As to moral education, Locke declares, "That which a gentleman ought to desire for his son, besides the fortune which he leaves him, is, 1, virtue; 2, prudence; 3, good manners; 4, instruction." In his course of study the idea of utility prevails. After reading, writing, drawing, geography, and the mother tongue are mastered, Locke, like Montaigne, would teach the language of nearest neighbors, and then Latin. Even the Latin tongue should be learned through use, rather than by rules of grammar and by memorizing the works of classic authors.
While his system of education was planned for sons of gentlemen, Locke urged the establishment of "working schools" for children of the laboring classes. This was in line with his utilitarian ideas, as the intent was not so much intellectual training, as the formation of steady habits and the preparation for success in industrial pursuits. Locke's plan was for a sort of manual training school, the first appearance of such a project in history.

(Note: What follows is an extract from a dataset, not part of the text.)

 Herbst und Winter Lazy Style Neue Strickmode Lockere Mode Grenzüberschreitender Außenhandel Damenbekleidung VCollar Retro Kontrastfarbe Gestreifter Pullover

Locke did not believe in universal education, nor in the public school. Only gentlemen were provided for in his formal scheme, and herein he followed the path marked out by Alfred the Great eight hundred years before, which England has not completely forsaken to this day. Since he had done all his teaching as a private tutor in the family of a gentleman, one can easily understand his advocacy of that form of instruction for the favored few. Locke's teachings in this respect are gradually losing their hold even in England, the most conservative of all countries in educational matters, and the latest great nation to accept the principle of universal education. During the last quarter of a century England has been earnestly seeking to give every child, whether of gentle or of humble birth, rich or poor, what his birthright demands,—a good common school education.

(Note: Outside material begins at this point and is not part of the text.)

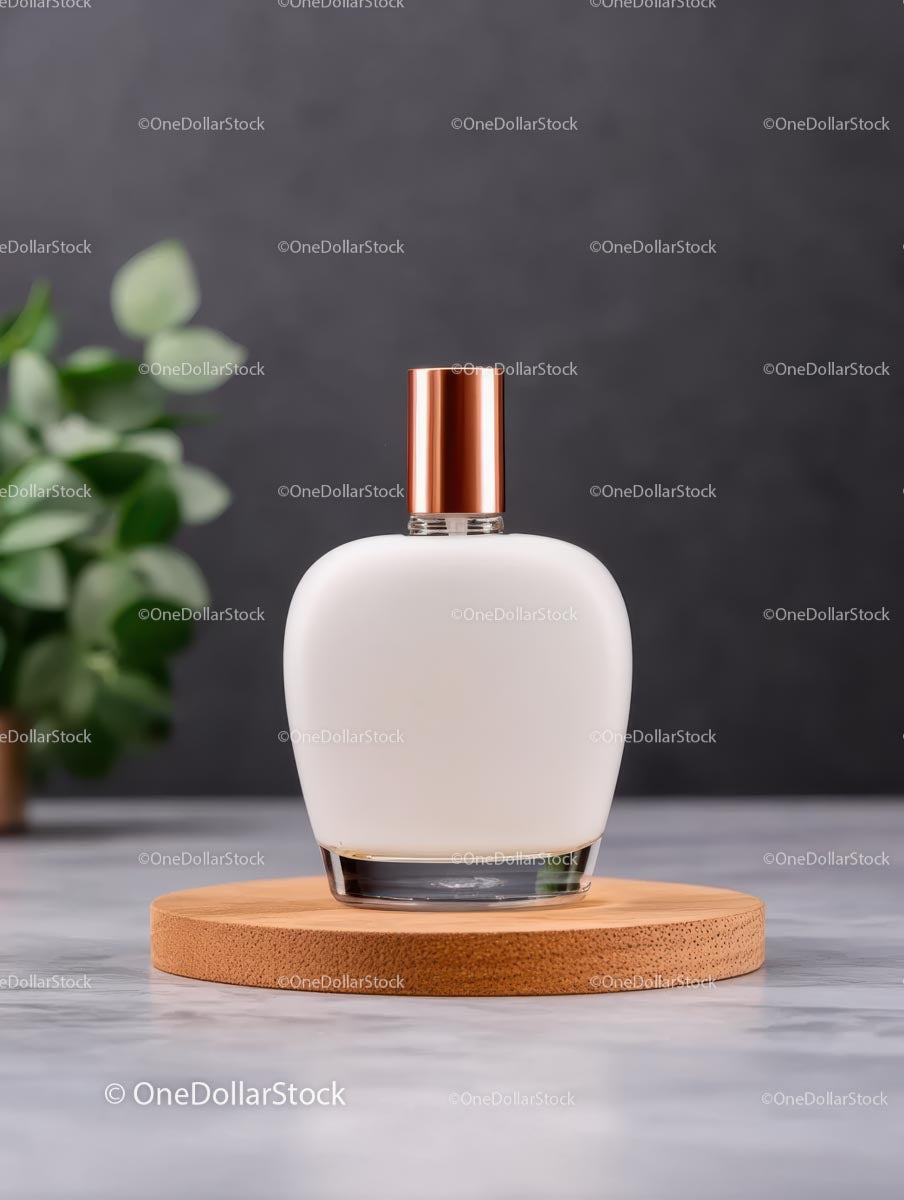 Elegant Perfume Bottle on Wooden Coaster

The influence of Locke upon education, then, has been very great. Williams remarks that "he inspired Rousseau with nearly every valuable thought which appears in the brilliant pages of his 'Émile.' He seems himself to have derived some of his most characteristic ideas from Montaigne, and possibly also from Rabelais."[110] Although Locke differed from other educational reformers in many respects, though he was somewhat narrow in his conception of education, owing to his environment, he opposed the dry formalism that characterized the educational practice of his time, and sought to emancipate man both intellectually and physically.
FÉNELON (1651-1715)
Fénelon was born of noble parents in the province of Périgord, France. During his early years his father attended very carefully to his education, and later his uncle, the Marquis de Fénelon, became his guardian. Though delicate in health, the boy showed remarkable aptness in learning. At the age of twelve he entered the college of Cahors, and thence went to the university of Paris. He was destined by his parents for the Church, for which, by natural temperament and pious zeal, he was well fitted. He preached at fifteen with marked success, and took up a theological course at St. Sulpice. At the age of twenty-four he was ordained priest. He desired to enter the missionary field, first in Canada, and later in Greece, but had to abandon this purpose on account of ill health.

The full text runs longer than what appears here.